En 2023, 196 Nord-Coréens ont réussi à franchir la frontière ultra-surveillée de leur pays pour rallier la Corée du Sud. Mais cette année-là, un Américain a décidé de faire le chemin inverse et de chercher refuge en Corée du Nord. Pour ce trajet peu commun, Travis King va passer devant une cour martiale, vendredi 20 septembre, à Fort Bliss au Texas. Il est poursuivi par l’armée américaine pour 14 infractions, dont la désertion.

Le périple débute en juillet 2023. Le soldat de deuxième classe Travis King vient de sortir de prison en Corée du Sud, après près de deux mois d’enfermement. Il avait frappé un Coréen dans un bar puis « donné des coups de pied répétés » dans une voiture de police avant d’insulter les agents qui tentaient de l’appréhender.

Le soldat de 23 ans, qui doit être renvoyé aux États-Unis en vue d’une audience disciplinaire sur une base de l’armée américaine, se rend à l’aéroport de Séoul. Et disparaît. « À la porte d’embarquement, il a approché un membre d’American Airlines et dit que son passeport avait disparu, pour pouvoir quitter la salle des départs », avait expliqué un responsable de l’aéroport au Korea Times.

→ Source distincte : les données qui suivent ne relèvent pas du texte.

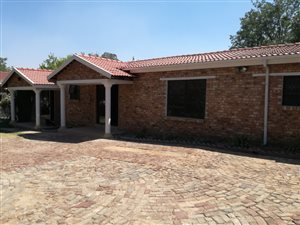 3 Bed House in President Park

Deux mois en Corée du Nord

Travis King quitte l’aéroport et se rend dans la zone démilitarisée qui sépare les deux Corées. Il se mêle à un groupe de touristes avant de se mettre à courir et de franchir la frontière. Arrêté par les autorités nord-coréennes, il est d’abord brandi comme porte-étendard par Pyongyang, de la même façon que l’avait été avant lui Charles Jenkins, un autre militaire américain fuyant la guerre du Vietnam en 1965.

Pour la Corée du Nord, la décision de Travis King aurait été une réponse à de « mauvais traitements et à la discrimination raciale au sein de l’armée américaine ». Ce dernier aurait « exprimé sa volonté de chercher refuge (en Corée du Nord ou) dans un pays tiers, se disant déçu par l’inégalité de la société américaine ».

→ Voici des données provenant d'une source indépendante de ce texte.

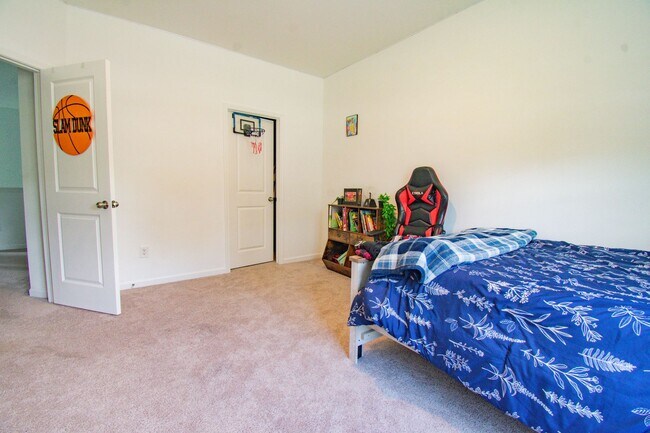 Building Photo - Coming Soon! 3 Bedroom 2.5 Bathroom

Les bras en apparence grands ouverts de l’État communiste se referment toutefois assez vite. Le 27 septembre 2023, sous escorte nord-coréenne, Travis King traverse le pont de l’Amitié sino-coréenne qui marque la frontière entre la Corée du Nord et la Chine. Il y est accueilli par l’ambassadeur américain en Chine, Nicholas Burns, puis regagne les États-Unis après un transit en Corée du Sud.

Si Pyongyang parle d’expulsion, les États-Unis évoquent plutôt une « intense séquence diplomatique » et remercient la Suède, qui aurait servi d’intermédiaire.

Inculpé de 14 infractions

Après avoir eu des ennuis avec la Corée du Sud puis la Corée du Nord, c’est bien le pays d’origine de Travis King qui entame des poursuites judiciaires contre le jeune soldat. Ce dernier est initialement poursuivi pour plusieurs infractions, dont la désertion, l’agression envers des camarades soldats et la sollicitation de pédopornographie.

Son avocat, Frank Rosenblatt, a finalement déclaré en août dernier que l’armée américaine l’avait inculpé de 14 infractions et qu’il plaiderait coupable pour cinq d’entre elles : la désertion, trois chefs d’accusation pour désobéissance à un officier et l’agression d’un sous-officier. En échange, l’armée devrait abandonner les autres poursuites.